The task
Only these lines are needed: the first line of the entries below through the line with "adidas Kids Black", each returned exactly.

[Input for this task]

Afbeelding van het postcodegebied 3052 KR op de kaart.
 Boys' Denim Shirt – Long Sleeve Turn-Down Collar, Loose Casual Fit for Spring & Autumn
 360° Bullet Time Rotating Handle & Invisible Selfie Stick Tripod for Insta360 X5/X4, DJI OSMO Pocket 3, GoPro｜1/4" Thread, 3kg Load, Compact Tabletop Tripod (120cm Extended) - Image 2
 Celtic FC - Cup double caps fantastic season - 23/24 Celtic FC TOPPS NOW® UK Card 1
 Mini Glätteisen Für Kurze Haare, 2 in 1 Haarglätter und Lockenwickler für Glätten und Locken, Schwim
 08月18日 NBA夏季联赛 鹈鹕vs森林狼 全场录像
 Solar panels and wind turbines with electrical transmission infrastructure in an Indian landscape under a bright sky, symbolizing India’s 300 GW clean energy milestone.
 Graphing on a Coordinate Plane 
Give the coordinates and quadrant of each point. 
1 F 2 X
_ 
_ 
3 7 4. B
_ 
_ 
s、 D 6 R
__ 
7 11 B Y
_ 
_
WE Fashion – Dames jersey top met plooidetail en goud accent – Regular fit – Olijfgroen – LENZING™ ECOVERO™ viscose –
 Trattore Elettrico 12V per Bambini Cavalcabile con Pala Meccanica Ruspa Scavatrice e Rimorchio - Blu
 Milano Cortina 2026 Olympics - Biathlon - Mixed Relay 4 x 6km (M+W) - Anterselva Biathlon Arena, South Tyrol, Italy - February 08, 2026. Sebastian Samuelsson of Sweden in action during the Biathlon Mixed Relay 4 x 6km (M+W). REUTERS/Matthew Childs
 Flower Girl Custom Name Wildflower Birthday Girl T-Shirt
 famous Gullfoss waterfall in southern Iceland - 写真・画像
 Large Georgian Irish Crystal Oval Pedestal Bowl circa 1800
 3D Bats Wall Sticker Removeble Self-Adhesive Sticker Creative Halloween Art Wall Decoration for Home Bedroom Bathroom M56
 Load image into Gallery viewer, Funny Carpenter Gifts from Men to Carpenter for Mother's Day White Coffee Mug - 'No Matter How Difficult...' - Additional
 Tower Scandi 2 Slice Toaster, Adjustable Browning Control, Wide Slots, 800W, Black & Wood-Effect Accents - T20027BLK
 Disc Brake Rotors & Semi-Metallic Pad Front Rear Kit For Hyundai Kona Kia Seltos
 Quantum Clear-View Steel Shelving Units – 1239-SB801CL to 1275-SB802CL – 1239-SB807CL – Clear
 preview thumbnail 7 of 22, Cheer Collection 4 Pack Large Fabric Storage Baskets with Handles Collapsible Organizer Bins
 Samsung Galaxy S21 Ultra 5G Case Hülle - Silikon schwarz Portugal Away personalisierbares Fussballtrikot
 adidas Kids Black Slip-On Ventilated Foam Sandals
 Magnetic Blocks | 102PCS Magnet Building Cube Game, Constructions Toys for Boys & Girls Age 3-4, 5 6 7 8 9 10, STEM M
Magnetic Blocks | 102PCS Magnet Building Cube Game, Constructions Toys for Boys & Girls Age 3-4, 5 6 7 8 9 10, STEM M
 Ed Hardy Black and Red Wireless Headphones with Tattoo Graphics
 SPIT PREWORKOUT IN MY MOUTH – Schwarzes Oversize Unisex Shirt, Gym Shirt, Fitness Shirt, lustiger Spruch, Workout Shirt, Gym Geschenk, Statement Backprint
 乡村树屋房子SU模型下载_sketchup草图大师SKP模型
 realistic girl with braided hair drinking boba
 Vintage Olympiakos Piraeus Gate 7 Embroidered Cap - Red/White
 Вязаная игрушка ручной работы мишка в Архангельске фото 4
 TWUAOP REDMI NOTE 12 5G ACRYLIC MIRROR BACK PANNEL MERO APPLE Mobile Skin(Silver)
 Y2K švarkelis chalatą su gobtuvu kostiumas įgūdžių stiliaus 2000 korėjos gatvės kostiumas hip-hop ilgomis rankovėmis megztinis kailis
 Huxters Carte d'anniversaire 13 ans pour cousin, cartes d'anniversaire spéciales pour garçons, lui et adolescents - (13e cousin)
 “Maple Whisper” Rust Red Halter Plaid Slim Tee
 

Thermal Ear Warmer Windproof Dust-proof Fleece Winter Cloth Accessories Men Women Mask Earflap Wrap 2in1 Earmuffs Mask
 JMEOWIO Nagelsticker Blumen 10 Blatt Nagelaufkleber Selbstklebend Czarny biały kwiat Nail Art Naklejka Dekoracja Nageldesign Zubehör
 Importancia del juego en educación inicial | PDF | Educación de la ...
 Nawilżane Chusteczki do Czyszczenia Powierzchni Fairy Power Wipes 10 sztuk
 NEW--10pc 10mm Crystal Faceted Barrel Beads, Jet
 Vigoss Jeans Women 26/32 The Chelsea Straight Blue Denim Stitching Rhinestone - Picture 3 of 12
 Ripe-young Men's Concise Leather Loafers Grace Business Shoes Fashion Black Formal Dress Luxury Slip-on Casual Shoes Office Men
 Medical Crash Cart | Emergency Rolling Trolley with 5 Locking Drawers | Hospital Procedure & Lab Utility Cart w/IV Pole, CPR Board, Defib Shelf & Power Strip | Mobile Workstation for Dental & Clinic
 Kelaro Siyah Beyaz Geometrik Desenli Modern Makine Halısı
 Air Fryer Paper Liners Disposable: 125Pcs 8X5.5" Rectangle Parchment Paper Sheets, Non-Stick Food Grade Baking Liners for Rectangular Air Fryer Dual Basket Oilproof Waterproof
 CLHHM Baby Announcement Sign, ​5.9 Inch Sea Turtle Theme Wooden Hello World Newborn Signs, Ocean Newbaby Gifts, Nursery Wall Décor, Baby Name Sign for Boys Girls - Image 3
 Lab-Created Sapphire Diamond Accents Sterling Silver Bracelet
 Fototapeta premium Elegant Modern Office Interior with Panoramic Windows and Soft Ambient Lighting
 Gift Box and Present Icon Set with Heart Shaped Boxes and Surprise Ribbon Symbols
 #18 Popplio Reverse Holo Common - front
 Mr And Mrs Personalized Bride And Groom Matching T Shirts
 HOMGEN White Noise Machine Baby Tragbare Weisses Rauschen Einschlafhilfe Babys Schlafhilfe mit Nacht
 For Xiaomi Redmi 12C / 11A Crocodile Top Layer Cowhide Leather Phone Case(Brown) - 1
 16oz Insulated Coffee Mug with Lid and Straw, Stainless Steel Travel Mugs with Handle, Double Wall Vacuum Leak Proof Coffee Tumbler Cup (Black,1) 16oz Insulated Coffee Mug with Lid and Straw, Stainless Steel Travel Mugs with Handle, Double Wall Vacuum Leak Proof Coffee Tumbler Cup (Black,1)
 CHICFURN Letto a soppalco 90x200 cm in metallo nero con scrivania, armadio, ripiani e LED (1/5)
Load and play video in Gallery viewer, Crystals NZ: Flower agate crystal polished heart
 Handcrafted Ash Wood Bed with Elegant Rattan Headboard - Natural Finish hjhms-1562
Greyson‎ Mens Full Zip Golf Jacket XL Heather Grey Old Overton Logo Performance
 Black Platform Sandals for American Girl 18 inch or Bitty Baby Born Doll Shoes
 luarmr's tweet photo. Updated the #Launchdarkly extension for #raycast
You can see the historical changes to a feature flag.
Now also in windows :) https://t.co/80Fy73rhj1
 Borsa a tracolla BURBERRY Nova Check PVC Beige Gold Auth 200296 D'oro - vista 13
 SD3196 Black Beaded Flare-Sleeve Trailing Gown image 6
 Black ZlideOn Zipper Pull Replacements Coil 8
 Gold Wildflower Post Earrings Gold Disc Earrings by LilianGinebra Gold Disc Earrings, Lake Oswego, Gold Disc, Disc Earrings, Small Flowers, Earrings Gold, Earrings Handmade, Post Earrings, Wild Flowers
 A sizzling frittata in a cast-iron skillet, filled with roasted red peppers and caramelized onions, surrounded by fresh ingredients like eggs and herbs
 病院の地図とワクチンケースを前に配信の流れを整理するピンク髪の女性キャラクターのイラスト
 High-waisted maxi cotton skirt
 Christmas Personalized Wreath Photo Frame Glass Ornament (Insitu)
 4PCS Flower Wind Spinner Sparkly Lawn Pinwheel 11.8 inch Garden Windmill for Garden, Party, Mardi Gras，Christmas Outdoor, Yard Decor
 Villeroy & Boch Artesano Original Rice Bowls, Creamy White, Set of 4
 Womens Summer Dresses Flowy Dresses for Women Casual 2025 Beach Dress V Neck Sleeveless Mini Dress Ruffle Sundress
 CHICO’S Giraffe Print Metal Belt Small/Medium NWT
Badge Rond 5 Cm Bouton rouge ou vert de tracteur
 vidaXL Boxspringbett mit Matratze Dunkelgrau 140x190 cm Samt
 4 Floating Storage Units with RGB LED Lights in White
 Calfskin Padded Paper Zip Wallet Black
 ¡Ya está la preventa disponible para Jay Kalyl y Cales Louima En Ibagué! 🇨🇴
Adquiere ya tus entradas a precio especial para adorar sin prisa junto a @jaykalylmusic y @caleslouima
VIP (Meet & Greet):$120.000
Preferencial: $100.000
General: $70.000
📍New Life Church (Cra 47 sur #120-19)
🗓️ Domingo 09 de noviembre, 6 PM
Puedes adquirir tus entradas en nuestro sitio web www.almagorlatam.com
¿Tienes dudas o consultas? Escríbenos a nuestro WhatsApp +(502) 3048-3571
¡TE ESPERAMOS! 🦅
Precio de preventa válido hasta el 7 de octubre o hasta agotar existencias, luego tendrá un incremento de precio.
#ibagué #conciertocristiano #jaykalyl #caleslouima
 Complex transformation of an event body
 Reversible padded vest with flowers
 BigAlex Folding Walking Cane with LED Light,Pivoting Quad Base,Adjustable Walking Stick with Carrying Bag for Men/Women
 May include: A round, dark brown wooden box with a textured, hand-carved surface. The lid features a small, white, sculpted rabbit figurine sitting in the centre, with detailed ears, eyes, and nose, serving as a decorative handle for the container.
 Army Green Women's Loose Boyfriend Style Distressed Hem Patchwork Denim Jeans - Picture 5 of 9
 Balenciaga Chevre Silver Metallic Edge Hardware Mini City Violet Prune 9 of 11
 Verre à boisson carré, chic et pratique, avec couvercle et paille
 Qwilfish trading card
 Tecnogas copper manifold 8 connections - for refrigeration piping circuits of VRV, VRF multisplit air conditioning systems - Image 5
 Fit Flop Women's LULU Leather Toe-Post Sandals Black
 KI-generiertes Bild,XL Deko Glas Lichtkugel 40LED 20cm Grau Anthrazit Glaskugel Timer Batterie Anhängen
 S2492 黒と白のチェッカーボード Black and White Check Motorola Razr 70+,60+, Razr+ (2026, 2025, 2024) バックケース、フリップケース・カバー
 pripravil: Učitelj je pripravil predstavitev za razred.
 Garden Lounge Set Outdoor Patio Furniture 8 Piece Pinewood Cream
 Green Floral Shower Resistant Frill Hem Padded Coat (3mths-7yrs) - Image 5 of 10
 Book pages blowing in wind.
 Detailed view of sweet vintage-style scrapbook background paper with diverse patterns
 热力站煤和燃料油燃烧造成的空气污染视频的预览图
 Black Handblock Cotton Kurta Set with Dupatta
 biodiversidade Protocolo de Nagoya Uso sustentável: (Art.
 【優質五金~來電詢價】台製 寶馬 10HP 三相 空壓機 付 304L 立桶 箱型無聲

[/Input for this task]

Your solution
Afbeelding van het postcodegebied 3052 KR op de kaart.
 Boys' Denim Shirt – Long Sleeve Turn-Down Collar, Loose Casual Fit for Spring & Autumn
 360° Bullet Time Rotating Handle & Invisible Selfie Stick Tripod for Insta360 X5/X4, DJI OSMO Pocket 3, GoPro｜1/4" Thread, 3kg Load, Compact Tabletop Tripod (120cm Extended) - Image 2
 Celtic FC - Cup double caps fantastic season - 23/24 Celtic FC TOPPS NOW® UK Card 1
 Mini Glätteisen Für Kurze Haare, 2 in 1 Haarglätter und Lockenwickler für Glätten und Locken, Schwim
 08月18日 NBA夏季联赛 鹈鹕vs森林狼 全场录像
 Solar panels and wind turbines with electrical transmission infrastructure in an Indian landscape under a bright sky, symbolizing India’s 300 GW clean energy milestone.
 Graphing on a Coordinate Plane 
Give the coordinates and quadrant of each point. 
1 F 2 X
_ 
_ 
3 7 4. B
_ 
_ 
s、 D 6 R
__ 
7 11 B Y
_ 
_
WE Fashion – Dames jersey top met plooidetail en goud accent – Regular fit – Olijfgroen – LENZING™ ECOVERO™ viscose –
 Trattore Elettrico 12V per Bambini Cavalcabile con Pala Meccanica Ruspa Scavatrice e Rimorchio - Blu
 Milano Cortina 2026 Olympics - Biathlon - Mixed Relay 4 x 6km (M+W) - Anterselva Biathlon Arena, South Tyrol, Italy - February 08, 2026. Sebastian Samuelsson of Sweden in action during the Biathlon Mixed Relay 4 x 6km (M+W). REUTERS/Matthew Childs
 Flower Girl Custom Name Wildflower Birthday Girl T-Shirt
 famous Gullfoss waterfall in southern Iceland - 写真・画像
 Large Georgian Irish Crystal Oval Pedestal Bowl circa 1800
 3D Bats Wall Sticker Removeble Self-Adhesive Sticker Creative Halloween Art Wall Decoration for Home Bedroom Bathroom M56
 Load image into Gallery viewer, Funny Carpenter Gifts from Men to Carpenter for Mother's Day White Coffee Mug - 'No Matter How Difficult...' - Additional
 Tower Scandi 2 Slice Toaster, Adjustable Browning Control, Wide Slots, 800W, Black & Wood-Effect Accents - T20027BLK
 Disc Brake Rotors & Semi-Metallic Pad Front Rear Kit For Hyundai Kona Kia Seltos
 Quantum Clear-View Steel Shelving Units – 1239-SB801CL to 1275-SB802CL – 1239-SB807CL – Clear
 preview thumbnail 7 of 22, Cheer Collection 4 Pack Large Fabric Storage Baskets with Handles Collapsible Organizer Bins
 Samsung Galaxy S21 Ultra 5G Case Hülle - Silikon schwarz Portugal Away personalisierbares Fussballtrikot
 adidas Kids Black Slip-On Ventilated Foam Sandals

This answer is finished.